“What Does My Spouse’s Lawyer Think of Me?”
To many readers this question may seem bizarre. But it comes up a fair amount in the context of representing a client. It usually arises after a four way meeting or judicial settlement conference where both parties and both counsel are, literally, in the room and discussing the facts or their respective legal positions.
It is natural to want to be liked by strangers we meet. That aspiration does not simply disappear when a couple decides to split. But the range of emotions affecting the couple who are doing the splitting can be pretty amazing and highly inconsistent. As we noted recently, there are many instances where we can resolve really big issues only to find that discussions over personal property or whether “Fido” should have the same custody schedule as the children can cause the wheels to fall off the car called “Resolution.”
Clients sometimes think that the function of lawyers in these meetings is to be fair or impartial. The trouble with that is the judicial system is inherently adversary. Some lawyers take great pride in advocating for their clients, sometimes in ways that can seem irrational. Other lawyers pride themselves on keeping matters out of court and advocating compromise. But, at the end of the day, the rules regulating us make clear that our first loyalty is to the client and not “justice.” Yet there are also many other rules that bar us from participating in fraud or being deceptive to the courts which apply equally to how we work with clients.
Understand as well that there is a component of “acting” that goes with representing a client. The client typically wants us to act in ways that promote their interests rather than some neutral concept of justice. If you want neutrality, that’s what judges are there for, although we live in a day when there are heavy pushes to avoid litigation and just resolve things rather than conduct lengthy trials in search of truth.
So, if your opposing counsel growls at you or dismisses your observations as ridiculous; take heart. Chances are he or she did hear and did understand what you meant. In the divorce world that lawyer may have taken the same position yesterday that he so vigorously denigrates your uttering today. It was just in another case. Just about all of lawyers represent both men and women and rich and poor.
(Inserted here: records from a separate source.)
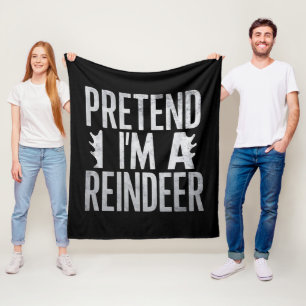 Pretend im a Reindeer Christmas Costume Fleece Blanket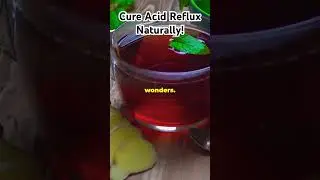 Cure Your Acid Reflux Naturally (THIS WORKS)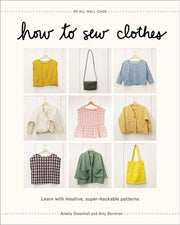 How to Sew Clothes Learn with Intuitive Super-Hack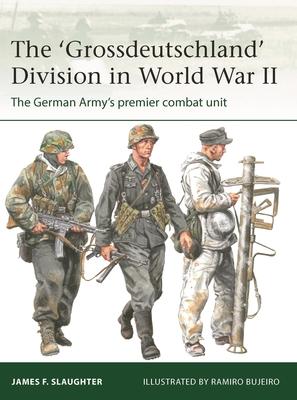 The 'Grossdeutschland' Division in World War II: The German Army's Premier Combat Unit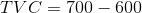 TVC=700-600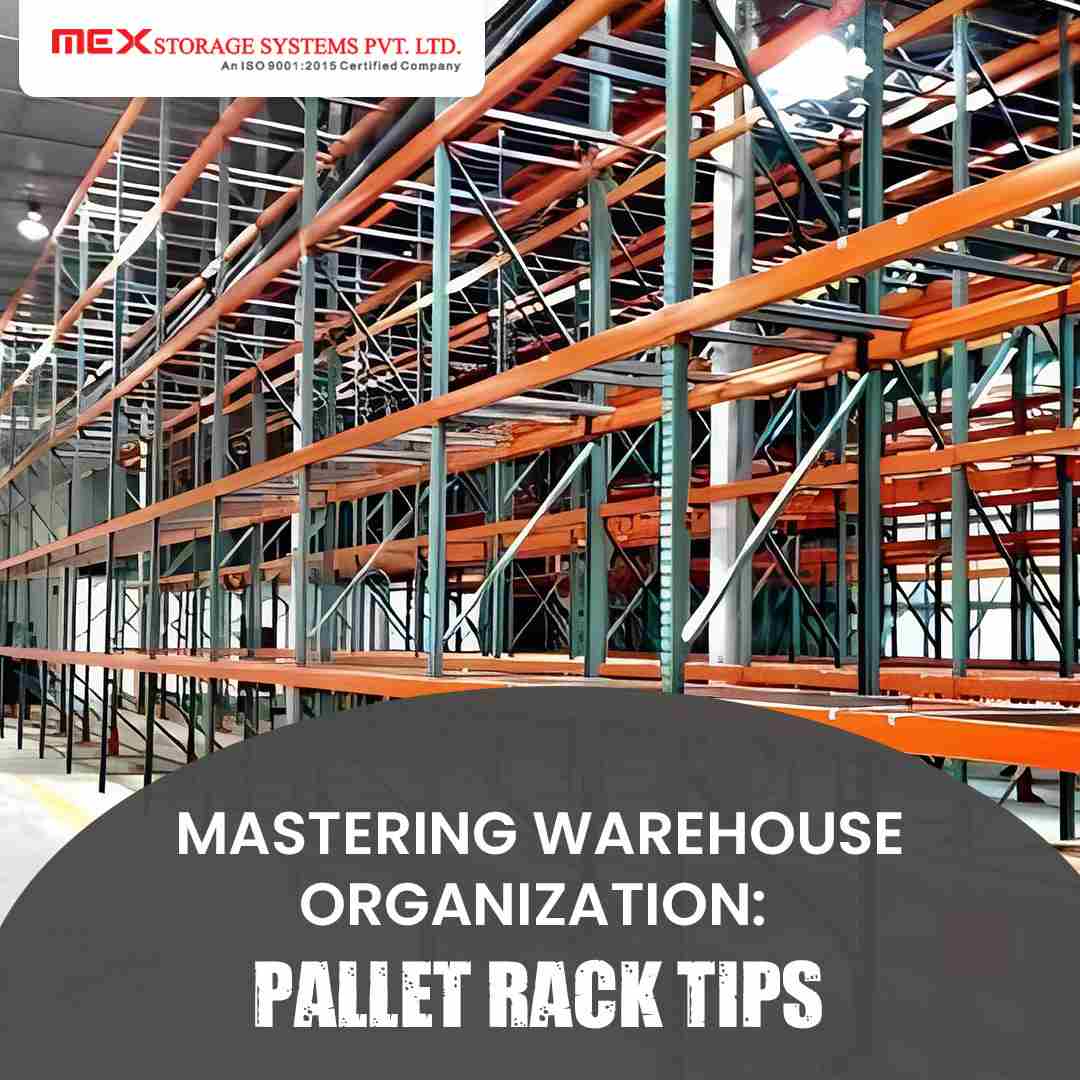 Mastering Warehouse Organization: Pallet Rack Tips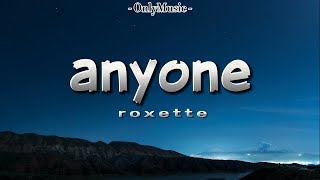 Anyone - Roxette (Lyrics)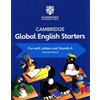 Cambridge Global English Starters Fun with Letters and Sounds A [Lingua inglese]
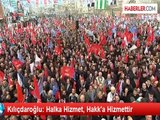 Kılıçdaroğlu: Halka Hizmet, Hakk'a Hizmettir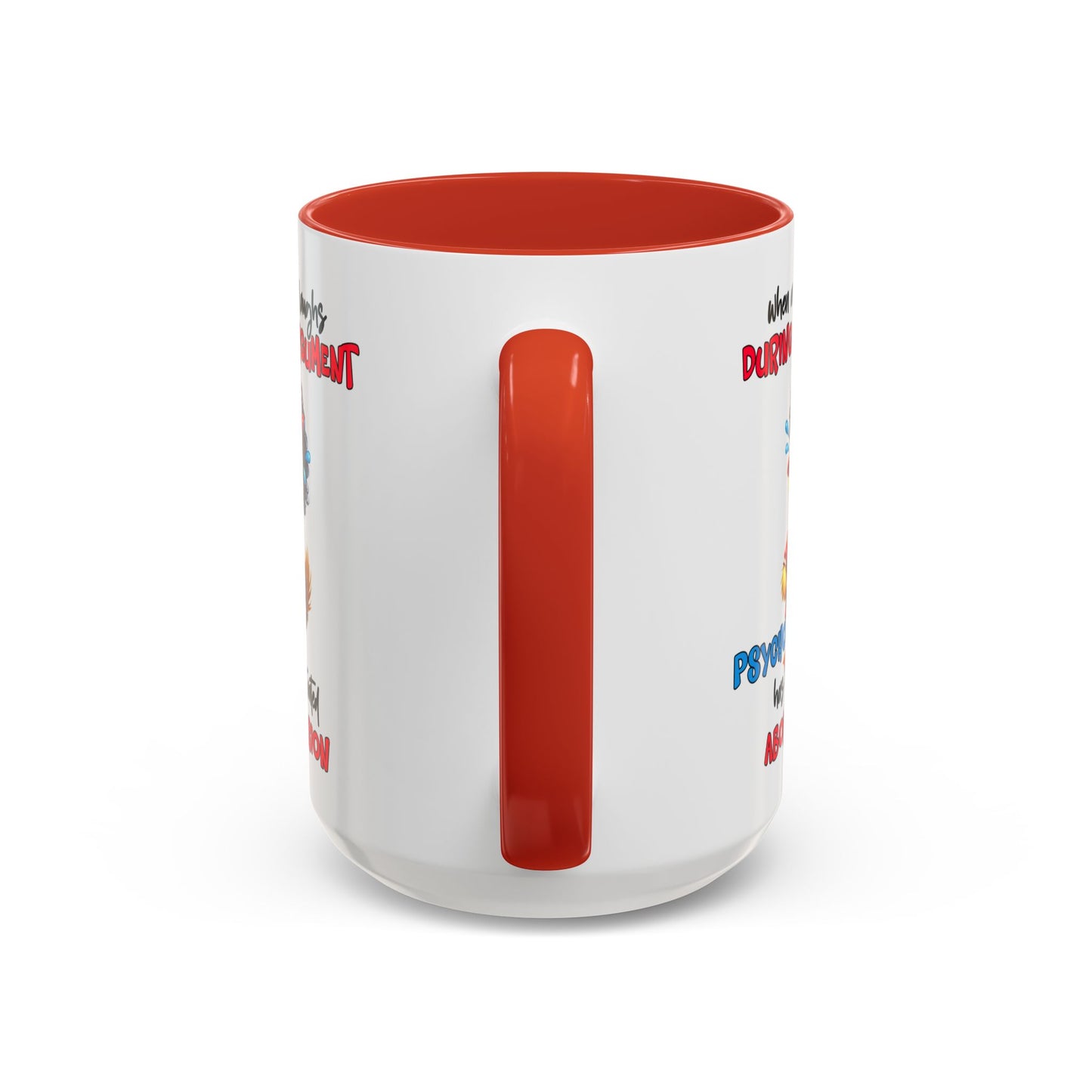 Psycho Laughs Accent Coffee Mug, Funny Gift Mug, Quirky Mug for Tea Lovers, Humorous Mug, Conversation Starter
We have all sat in meetings where parties or counsel bark that “You’ll never get 50/50 custody” or “You don’t deserve more than half the assets.” In a lot of those meetings, the lawyers know that shared custody is in the cards or that an even split is remote at best. But, it’s not good business to tell your client he/she is being ridiculous or overreaching.
If you sit in a meeting and see your own lawyer start acting in uncivil ways or talking down to your spouse or the other lawyer, ask for a break to chat alone. When you are alone, don’t hesitate to say to your attorney that you are uncomfortable with the stridence in language or form. Many times, a lawyer will get out ahead of the client trying to do the job of advocate. But in the end, this is your divorce or custody dispute, and the lawyer is there to serve your interests. If you find yourself being harassed or intimidated by the conduct of your spouse’s attorney, don’t rachet matters up. Just say: “Things seem to be more heated in our discussions than they should be, yes?” That tends to take some air out of the soaring rage your spouse or the other lawyer is fomenting. Courts in the United States divorce nearly 700,000 couples a year. Some can be done civilly if the parties and counsel work on it.